I hear his sobs over my head, that unmistakable sound of grief echoing down the open stairwell to where I sit, intentionally sitting cross-armed far away. He has no idea how my chest seizes with his, measured rising and falling in anguish as held-back tears beg for release in the same pool.
In his red-rimmed eyes, saying sorry, so sorry, should make everything better, stitch together rifts seamlessly so they are mended invisible. Isn't that what this forgiveness I strive to teach all about? Casting our sins into a pool of forgetfulness and remembering them no more?
Were it that simple.
After words pierce and actions destroy, the nature of the human heart exposed, the damage doesn't magically disappear . God's forgiveness, my forgiveness--it doesn't mean no consequences.
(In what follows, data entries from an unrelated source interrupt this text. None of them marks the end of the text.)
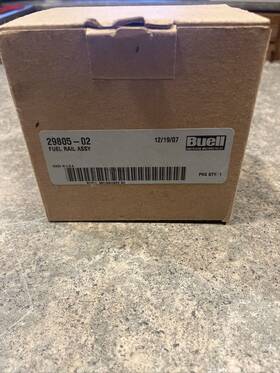 29805-02 Buell Fuel Rail Assembly Oem Nos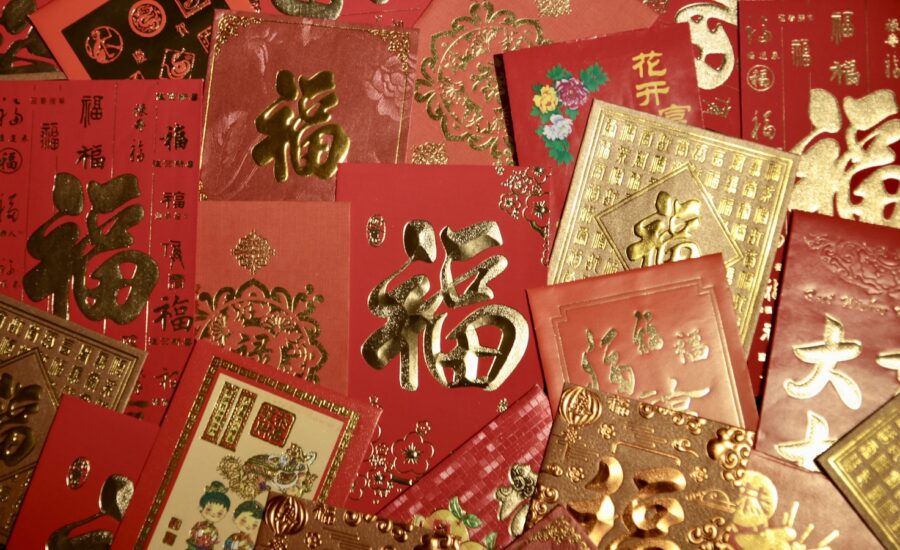 chinese red envelope 2023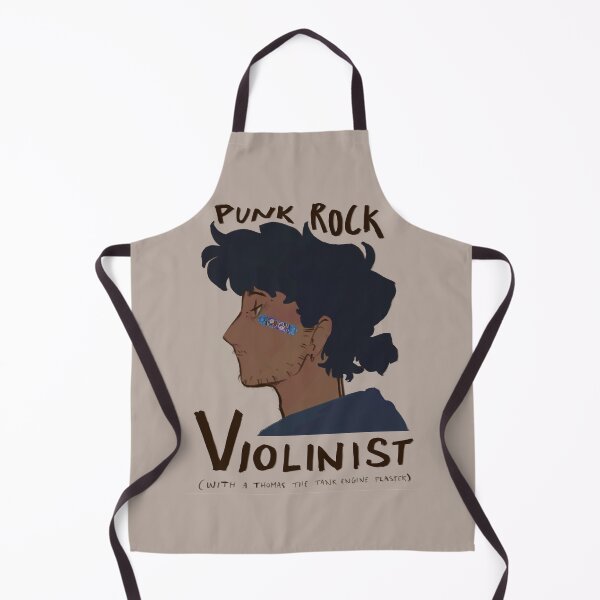 Item preview, punk rock violinist designed and sold by Bebelbo.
It never has, not for me anyway.
This is the pain of motherhood, disciplining to show love and affection. This is hard, sending this child born of miracle and overflowing prayers to a few hours of solitude when all I want to do is hold him tightly to me, read a few books together, and listen to him spin stories laced with heavy questions.
I move to the unlit hall, shadows falling heavier with the setting sun as adrenaline plummets. My head rests against the wall. Where did I go wrong?
I look up, weary, to husband ushering twins out doors. "I've never seem him like this before. He's never seen anyone act like this either. Where did this come from?" Husband's answer is simple and matter of fact, no finger pointing here. This is every man and woman's willful heart unrestrained, no teaching required.
I silently hope he's getting sick, that maybe this evening's uncharacteristic tantrum is the result of his feeling poorly and not a reflection of his heart, the one I've been striving with my everything to mold from birth to seek after the One who can transform that heart to love, patience, kindness, and compassion.
Knees pressed against prayer closet's red leather kneeler helps lift some of the burden. But Wyatt is only four and a half. This isn't going to get any easier.
By now, he's not crying anymore, sounds of tinkling Legos and footsteps drifting downstairs to tell me he's building, constructing another zoo or too-tall tower in his solitude. Calm.
Were these mere battles of words or flesh, it would be so much easier. Yet, all are really of the spirit.
In these moments, I see just how insufficient I am to mother this soul loaned to me for the training. What was God thinking? I can do only one thing well, and sometimes not even this: seek the One who is and pray.